Selain sebagai ajang memperkenalkan budaya lokal, Dieng Culture Festival ini juga dijadikan media promosi berbagai produk UKM Dieng. Mulai dari kerajinan tangan hingga makanan. Secara tidak langsung ikut memajukan perekonomian warga setempat. Makanan dan minuman khas Dataran Tinggi Dieng adalah mi ongklok dan purwoceng. Sempatkanlah mencicipinya, karena tidaklah berkunjung ke Dieng tanpa mencoba menu yang satu ini.

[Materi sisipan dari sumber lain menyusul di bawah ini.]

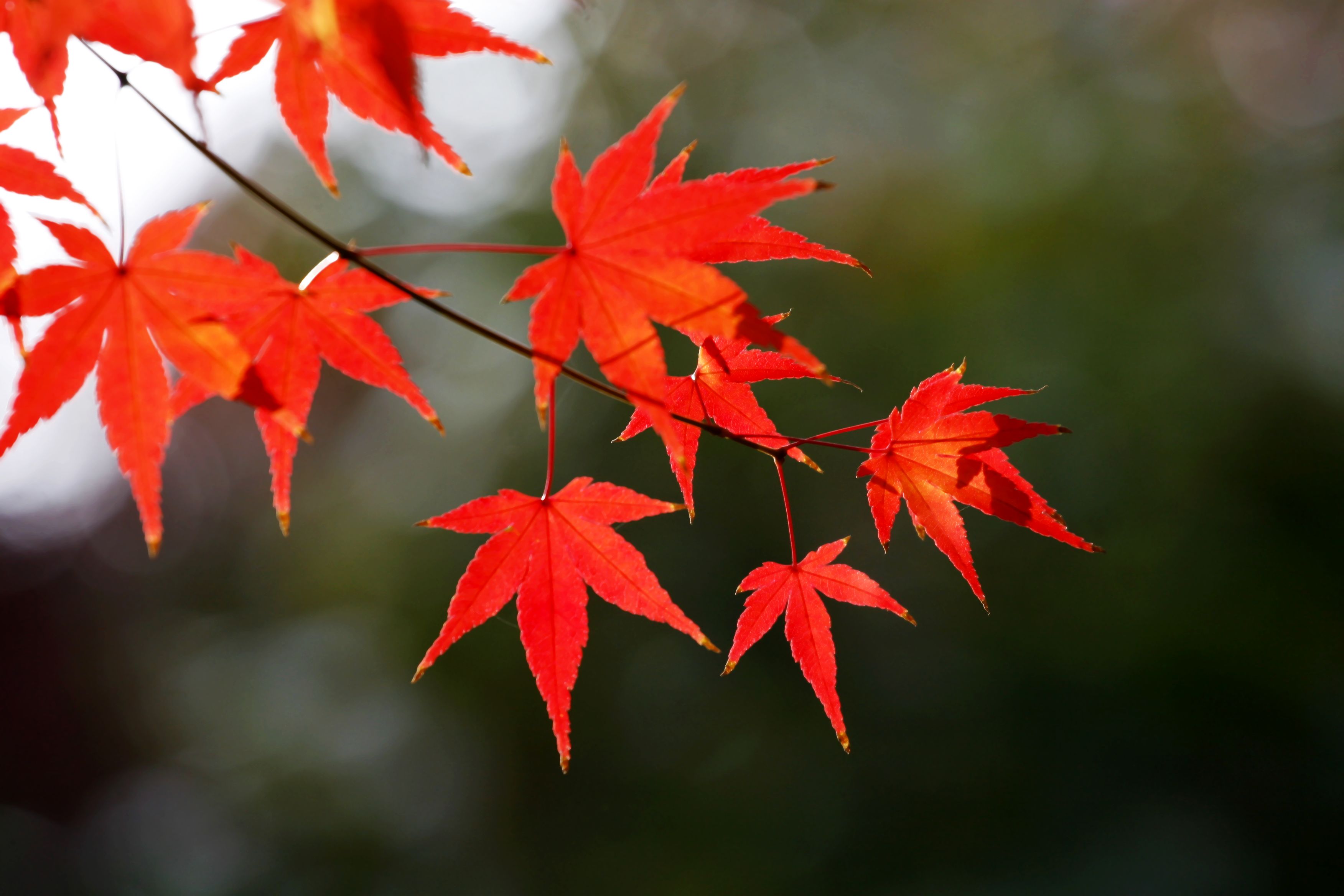 了岁月的世纪·每一个红叶的秋季就是我和你那每一片红叶飘落的别离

Setelah lelah berkeliling Dieng Culture Festival seharian, segera kami mendirikan tenda yang kami bawa dari rumah. Karena terdapat camping ground dekat dengan panggung utama. Tempat dimana akan diterbangkannya ribuan lampion dan kembang api malam nanti. Semakin sore semakin banyak pula yang mulai mendirikan tenda. Salah satunya rombongan dari UMY Jogja, yang pada akhirnya menemani kami menikmati festival lampion malam itu.
Lihat juga: Festival Lampion Dieng Culture Festival (Video)
Akhirnya malam yang dinanti datang juga. Pengunjung mulai berdesak-desakan memadati Komplek Candi Arjuna. Mengabaikan dinginnya Dieng, mengubah menjadi hangatnya kebersamaan. Meskipun tanpa tiket dan dibatasi pagar pembatas, saya pastikan atmosfer yang dirasakan akan sama. Terimakasih kawan-kawan UMY Jogja yang sudi berbagi kebersamaan sehingga malam kami tidak suwung-suwung amat. Hahaha.
|
Bersama kawan-kawan UMY Jogja |
|
Pintu masuk DCF 2017 yang dihias menggunakan bambu |
Puncak acara dari
Dieng Culture Festival ini adalah pemotongan/ruwatan anak-anak berambut gimbal. Sang anak akan meminta beberapa permintaan yang harus dipenuhi sebelum rambutnya dipotong. Ada yang meminta iPad, boneka, hingga dua ekor sapi. Terkadang permintaan anak-anak itu cukup menggelikan. Seperti Hikma Hidayah (5) yang meminta rambut gimbalnya dipotong oleh Om Ujang tukang cukur yang dikenalnya, Afifah Ambani (9) meminta serutan pensil dan paha ayam kentucky, dan Nur Aminatun (6.5 tahun) minta diberi jajanan warung tetangga meski dirumahnya memiliki warung juga.
Berarti benar kata pepatah...
"Rumput tetangga lebih hijau ketimbang rumput sendiri"
Kenapa rumput tetangga selalu lebih hijau? Masih menjadi misteri.